By the time they faced Internazionale
on Saturday, Juventus had gone 538 days without a league defeat. In
that time they had moved into a new stadium, appointed Antonio Conte as
their manager and signed Andrea Pirlo. They had gone from being a side
which finished seventh, missing out on even the Europa League, in
2010-11 to one that claimed the Scudetto 12 months later. In total their
unbeaten run extended to 49 Serie A games.
Now
they had the chance to complete the half-century against one of their
oldest and greatest rivals. Inter may not share a city with Juventus,
but the clubs' distaste for one another was sufficient already by the
1960s for the legendary journalist Gianni Brera to coin the phrase
"Derby d'Italia" for matches between the two. The mutual enmity had only
been heightened in recent years by the fall-out from the Calciopoli
scandal of 2006.
A fixture that was always going to be keenly felt
– the Juventus goalkeeper Gigi Buffon admitted afterwards that "this
was the one we wanted most of all" – was rendered even more meaningful
by its context. Beyond the desire to extend their unbeaten run, Juventus
also knew that Inter were potential contenders for the title.
Where
Napoli – previously viewed as Juve's most likely challengers – had
stumbled since losing to the Bianconeri in Turin last month, Inter had
put an indifferent start behind them to become Serie A's form team. By
the time Saturday's match rolled around the Nerazzurri were up to second
in the table, just four points behind. They had won their last eight
games in all competitions, as well as all eight of their away games so
far this season.
Inter's team selection spoke to the confidence of
their young manager, Andrea Stramaccioni. The inclusion of the forwards
Diego Milito, Antonio Cassano and Rodrigo Palacio together in the
starting XI did not suggest a team that had come to defend. Stramaccioni
had insisted in his pre-match press conference on Friday that he set
out only to win games, not draw them, and here was evidence of that
commitment.
It would take less than 20 seconds on Saturday for
that self-belief to be strongly tested. That was as much time as it took
for the Juventus midfielder Arturo Vidal to open the scoring – slotting
Kwadwo Asamoah's square pass into an unguarded net.

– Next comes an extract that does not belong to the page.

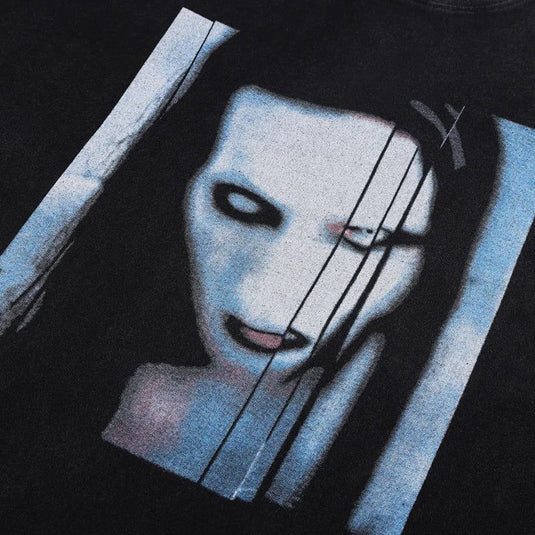 Marilyn Manson Washed & Oversized Loose Tshirt - Grand Goldman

Already, the narrative for this game looked set. Asamoah had been in a clear offside position when he first received the ball inside Inter's half, yet the linesman Fabiano Preti's flag stayed down. Just as two weeks earlier in a controversial win over Catania, Juventus had been the beneficiaries of a critical blown call. But that was just the beginning.
For
the next 10 minutes Juventus were rampant, Stramaccioni's apparent
naivety exposed as the hosts sliced through a poorly protected Inter
back line. Only a fine stop from Samir Handanovic prevented Claudio
Marchisio from extending their lead. When Inter did finally break,
Palacio had a goal disallowed for offside. It was the right decision,
though the margins were much more fine than they had been with Asamoah.
Another
genuine injustice would arrive before half-time, however, Stephan
Lichtsteiner inexplicably avoiding a second yellow card after chopping
down Palacio. Juve's assistant manager Angelo Alessio – filling in for
Conte on the bench during the latter's touchline ban – ensured that this
pardon did not go to waste by immediately replacing the defender with
Martín Cáceres.
This was the point at which Inter might have been
expected to lose their heads – reasoning themselves to be the victims of
a stitch-up and pouring their energies into protest rather than
response. And yet they did not. Instead Milito got them level,
converting a penalty early in the second half after having his shirt
pulled inside the box by Marchisio.
The tide had turned.
Stramaccioni withdrew an exhausted Cassano for the midfielder Fredy
Guarín, but despite a change in shape his team's attacking intentions
were undiminished. It was the substitute whose fierce drive was parried
by Buffon with a quarter of an hour to go, only for Milito to force the
rebound home. Fifteen minutes later, with the hosts chasing an
equaliser, Palacio added a third on the counter.
Just like Arsenal
in October 2004, Juventus had seen their unbeaten run end at 49
matches. "Now Juve know who the anti-Juve are," Luigi Garlando would
write a day later in La Gazzetta Sportiva. "It is this possessed Inter
team who desecrated their front room … and made them feel the bitterness
of defeat."
For Inter, after a ferociously contested game, the
release of nervous tension was almost too much to take. "I'm giving
birth," joked Cassano's pregnant wife on Twitter. The forward himself
leapt on his manager's back and clung on for dear life as they were
drowned in a sea of delirious colleagues.
The players had
performed their tasks exceptionally, but this felt like a victory of the
manager's making – from the bold selection through to his calm reaction
to the various injustices that befell his team. Where his predecessor
José Mourinho had once demonstrated his unhappiness at decisions by this
same referee, Paolo Tagliavento, with his infamous "handcuffs" gesture. Stramaccioni slapped the wall of his dugout at one point but otherwise largely kept his composure.
His
refusal to descend into rage or self-pity was reflected in the way his
players stuck to their task, breaking Juventus down through sheer
persistence. Tactically, too, his schemes were a success – the nuance to
his seemingly attacking selection revealed as Milito and Palacio
repeatedly dropped deep to close down Pirlo and deny him room to work
with.
Inter might not have been the only ones relieved to see his
schemes pay off. After the outcry that followed Juventus's win over
Catania, the last thing the league would have wanted was for this most
high-profile of fixtures to have its final result similarly conditioned
by incorrect decisions.
"They ought to make a monument to
Stramaccioni," Alessandro Vocalelli would write in La Repubblica a day
later. "Above all [the Italian Football Federation president Giancarlo]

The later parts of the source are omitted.